**Records for the exercise**:
»»

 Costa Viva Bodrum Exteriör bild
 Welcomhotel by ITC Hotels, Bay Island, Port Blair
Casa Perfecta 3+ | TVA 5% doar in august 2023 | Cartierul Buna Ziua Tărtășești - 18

««
»»

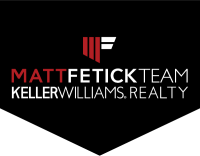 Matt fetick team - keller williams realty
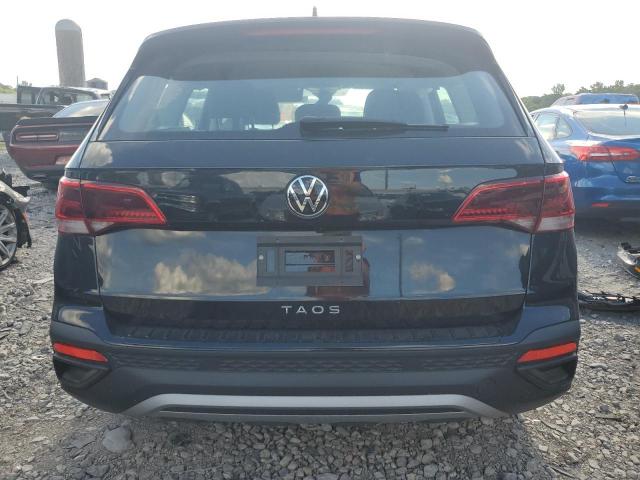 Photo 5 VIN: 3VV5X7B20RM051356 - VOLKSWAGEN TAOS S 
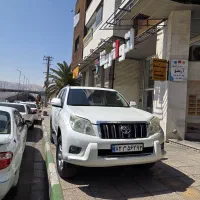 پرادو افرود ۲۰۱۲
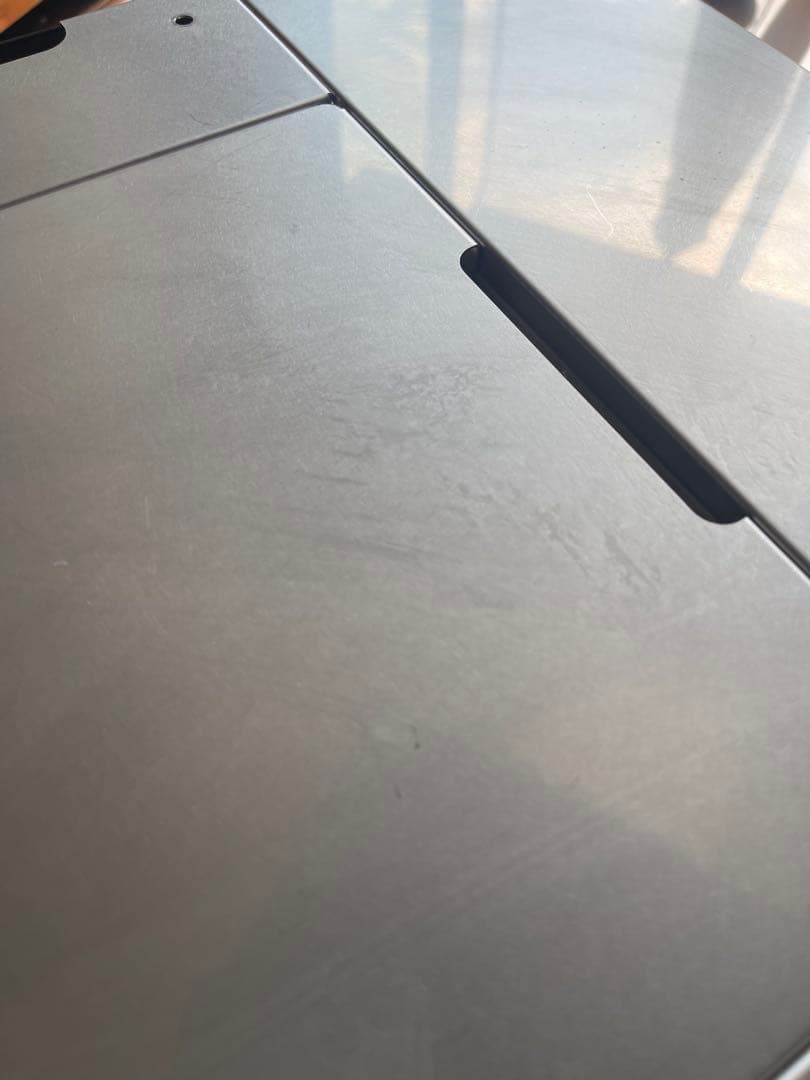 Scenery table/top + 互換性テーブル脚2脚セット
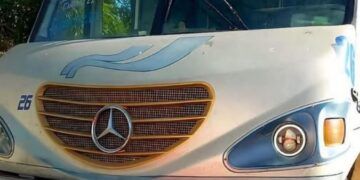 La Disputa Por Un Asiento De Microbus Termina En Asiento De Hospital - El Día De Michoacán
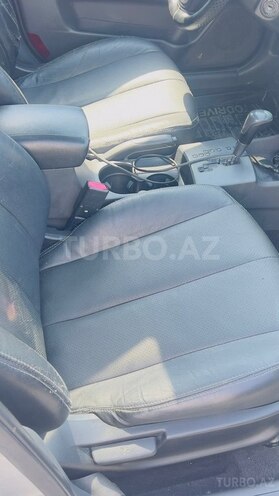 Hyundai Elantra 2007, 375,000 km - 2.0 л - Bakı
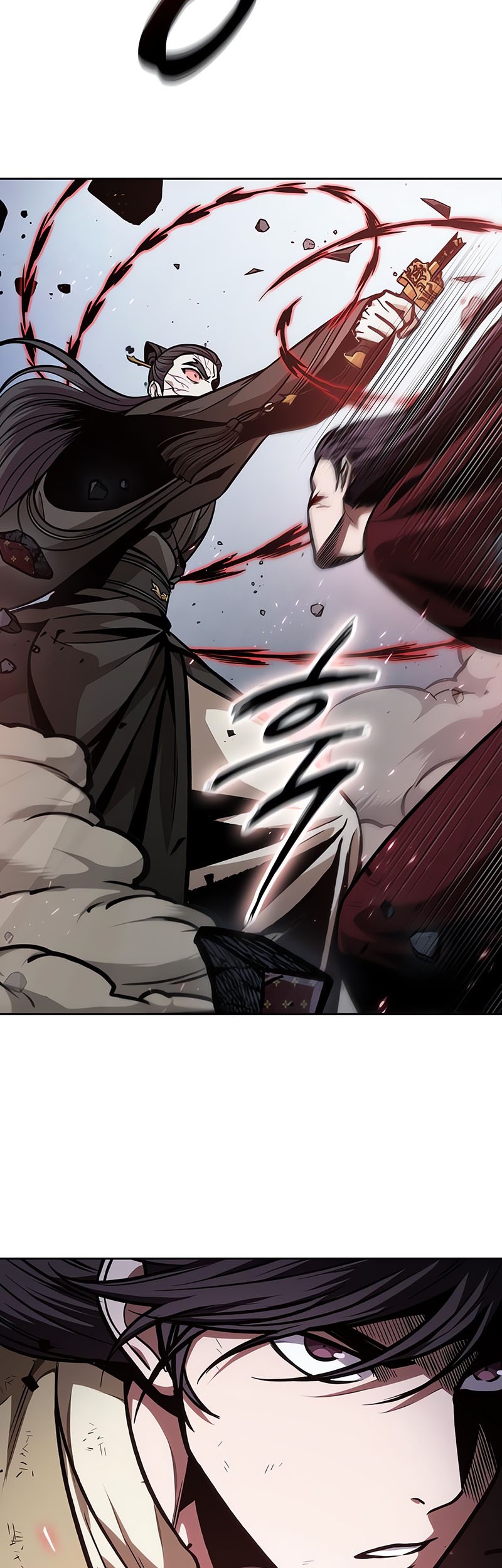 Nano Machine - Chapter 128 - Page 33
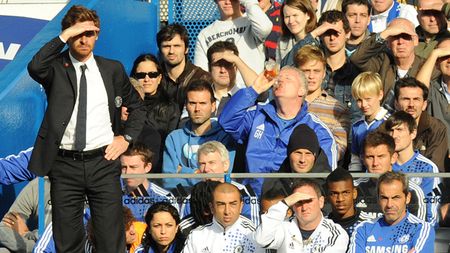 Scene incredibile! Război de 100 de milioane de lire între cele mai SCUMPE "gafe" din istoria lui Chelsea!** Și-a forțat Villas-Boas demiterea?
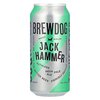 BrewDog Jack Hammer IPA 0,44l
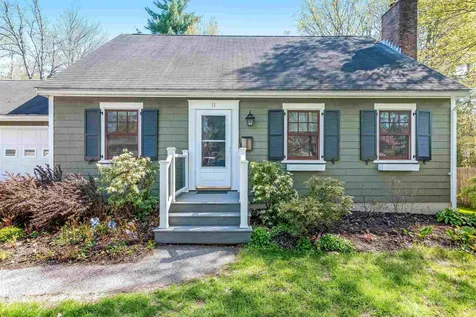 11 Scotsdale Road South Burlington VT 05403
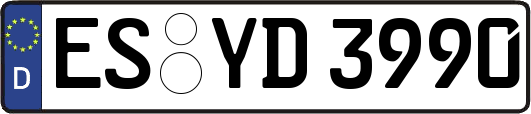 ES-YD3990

««

**Aim of the task**: Start with the line with "Matt fetick team - keller williams realty" in the listing above and stop after the line with "La Disputa Por". Write out exactly the lines in that stretch and no others, without pictures.

**Final answer**:
 Matt fetick team - keller williams realty
 Photo 5 VIN: 3VV5X7B20RM051356 - VOLKSWAGEN TAOS S 
 پرادو افرود ۲۰۱۲
 Scenery table/top + 互換性テーブル脚2脚セット
 La Disputa Por Un Asiento De Microbus Termina En Asiento De Hospital - El Día De Michoacán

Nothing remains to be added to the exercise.